— ABOUT THIS EXERCISE —
Copy out the whole listing exactly as given. Skip the pictures.

— SOURCE MATERIAL —
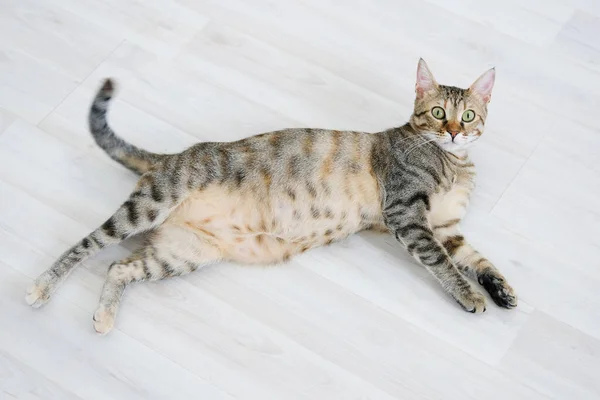 Katze grau gestreift Fett schwanger Blick in die Kamera Stockbild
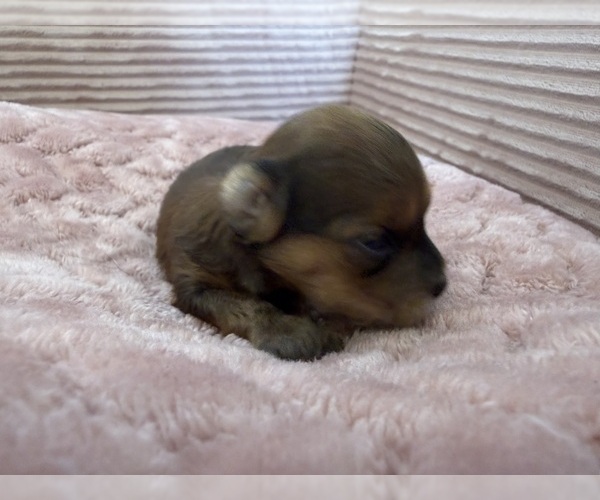 Medium Photo #15 Yorkipoo Puppy For Sale in ARLINGTON, TX, USA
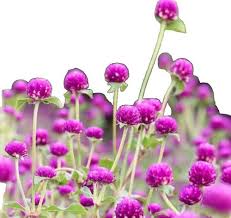 Image result for Mimulus x hybrida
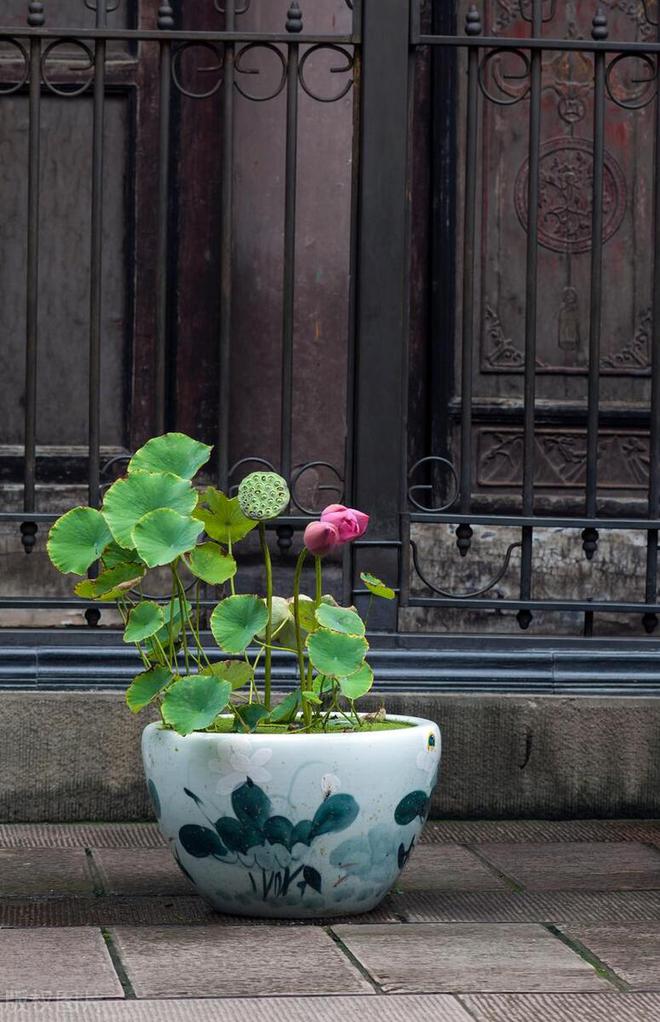 家庭养荷花的技巧与花期详解(图3)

— WRITTEN ANSWER —
 Katze grau gestreift Fett schwanger Blick in die Kamera Stockbild
 Medium Photo #15 Yorkipoo Puppy For Sale in ARLINGTON, TX, USA
 Image result for Mimulus x hybrida
 家庭养荷花的技巧与花期详解(图3)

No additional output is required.